'Panorama has gone independent republic on this. There are old scores being settled'
As open warfare breaks out among BBC staff, Ian Burrell examines the divisions between its flagship news programmes
"And before the Top Gear special here on BBC2, some golden memories from the archives of a true TV legend, the late great Sir Jimmy Savile at the BBC… How's About That Then?"
These gushing words were broadcast on 28 December last year before a glowing tribute to the late Jim'll Fix It host – a programme broadcast 26 days after George Entwistle, who had responsibility for the show, had been informed by the BBC's director of news, Helen Boaden, that Newsnight had undertaken an investigation into the presenter – and that this might create scheduling problems.
Today, Mr Entwistle, now the Corporation's Director-General, will give evidence to Parliament about why he chose not to dig deeper into Newsnight's evidence before he gave the Savile tribute the go-ahead.
Mr Entwistle's appearance before the Commons Select Committee on Culture, Media and Sport comes as the Corporation tears itself apart in a way that was unimaginable when the BBC careerist began his job barely a month ago. Internecine battles are breaking out around the organisation.
Last night, BBC1's investigative flagship, Panorama, broadcast the damning documentary about the editorial failings at Newsnight, the chief current-affairs show on BBC2, with one editorial insider commenting: "There is no love lost between the programmes; Panorama has always been quite aggressively competitive."
What began last year as a Newsnight investigation into the alleged criminal activities of a celebrity figure from a bygone era has turned into a Panorama probe into Newsnight and the current senior management of the BBC.
"Panorama has gone completely independent republic on this and there are probably some old scores being settled," a source said. Blogs and tweets from current and former BBC journalists have taken opposing stances.
Already, Peter Rippon, the editor of Newsnight, has been obliged to stand aside after BBC executives decided his account of why he dropped an investigation into Savile last December was lacking credibility.

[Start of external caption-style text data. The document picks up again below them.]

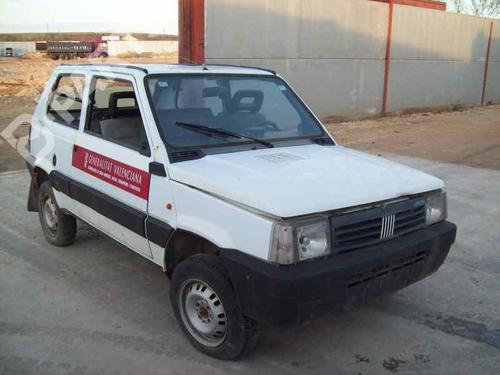 Used Parts FIAT PANDA (141_)  1000 4x4  108356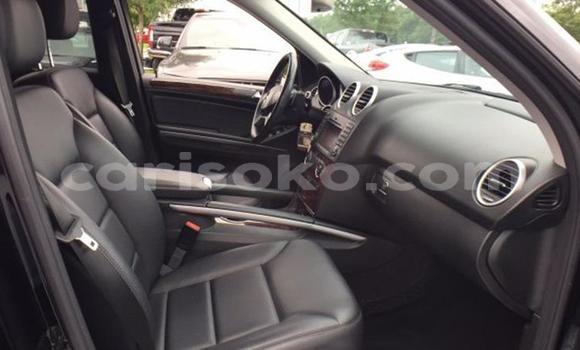 Buy Used Mercedes-Benz M-klasse Black Car in Kigali in Rwanda Buy Used Mercedes-Benz M-klasse Black Car in Kigali in Rwanda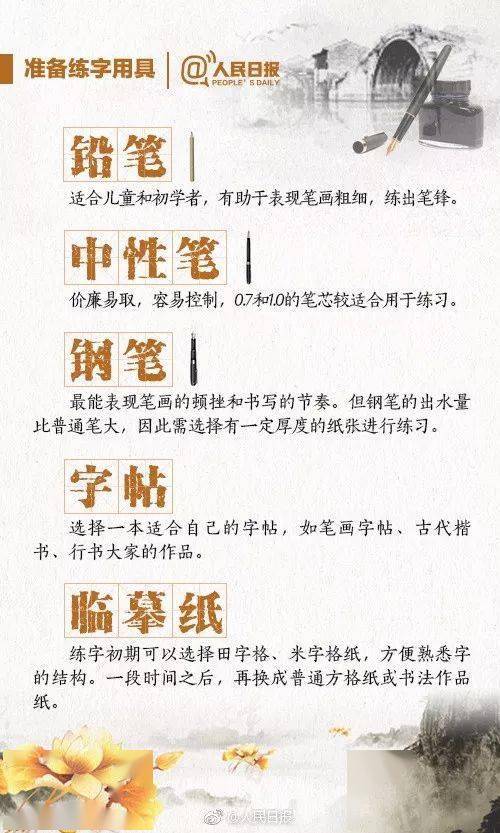 小學一二年級,請這樣幫助孩子養成書寫習慣_筆順_筆畫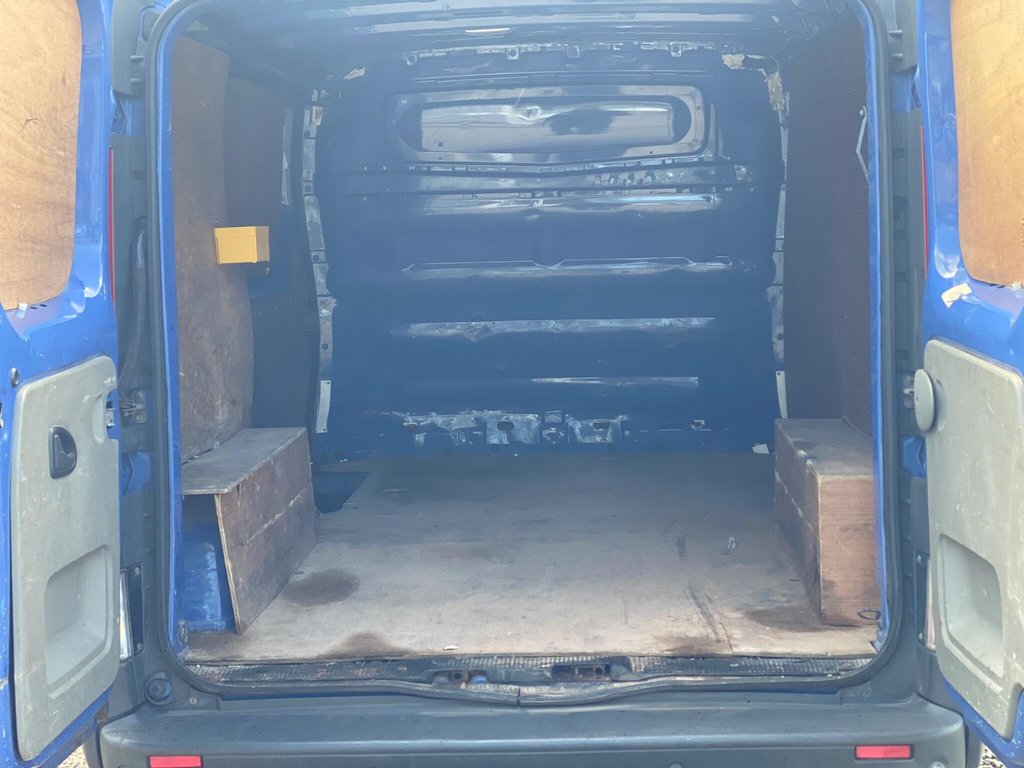 Used Vauxhall Vivaro 2014 for sale - 78186846: Photo 39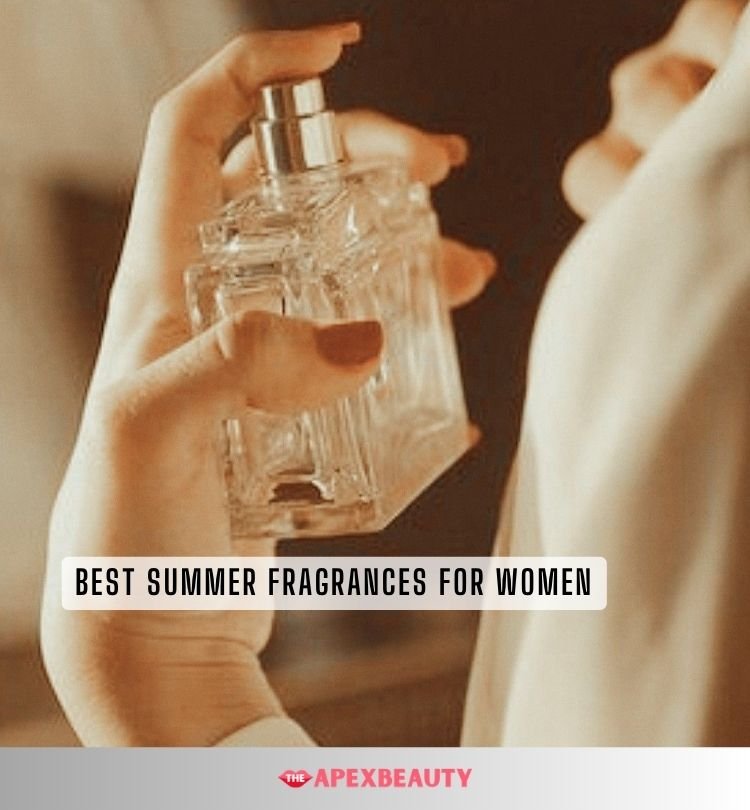 best summer fragrances for women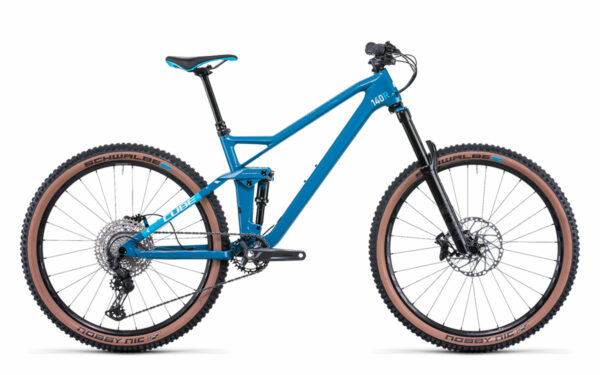 Cube Stereo 140 HPC Race 27.5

The BBC Trust, led by Lord Patten, says it is "deeply concerning" that the BBC – i.e. Mr Rippon – produced an inaccurate version of what happened. And the turn of events – caused by leaked emails written by Newsnight journalists angry at the way their investigation was being misrepresented, which were published in this newspaper and also obtained by Newsnight, – has raised questions about Lord Patten's handling of the affair.

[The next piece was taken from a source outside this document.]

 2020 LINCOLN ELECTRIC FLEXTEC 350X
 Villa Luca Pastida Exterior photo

On Radio 4's The Media Show on 10 October, the peer made a staunch defence of Mr Rippon's reputation and of Mr Entwistle's reluctance as director of BBC Vision to find out about the Newsnight evidence. "If you press the point, it then starts to look as if you are trying to interfere with the programme and stop it being shown," the chairman of the BBC Trust said.
Ms Boaden is also under pressure: MPs will today gauge the strength of her warning to Mr Entwistle on 2 December when she raised concerns about the scheduling of the Savile programmes. The director of news has been obliged to absent herself from the BBC's coverage of the story while an internal investigation takes place into why Newsnight's piece was dropped.
The corporate team at the BBC's communications department have also had to respond to damaging allegations released to the media by their own colleagues who were publicising last night's Panorama.
Since the Hutton Inquiry in 2003, the previous Director-General, Mark Thompson – whom Ms Boaden also spoke to about the Savile scheduling in 2011 – was supposed to have put in place a management structure and editorial culture that would prevent another BBC meltdown. But Mr Thompson's successor is clinging to his job just 37 days into his tenure, and is learning to his cost that the BBC system is still fallible.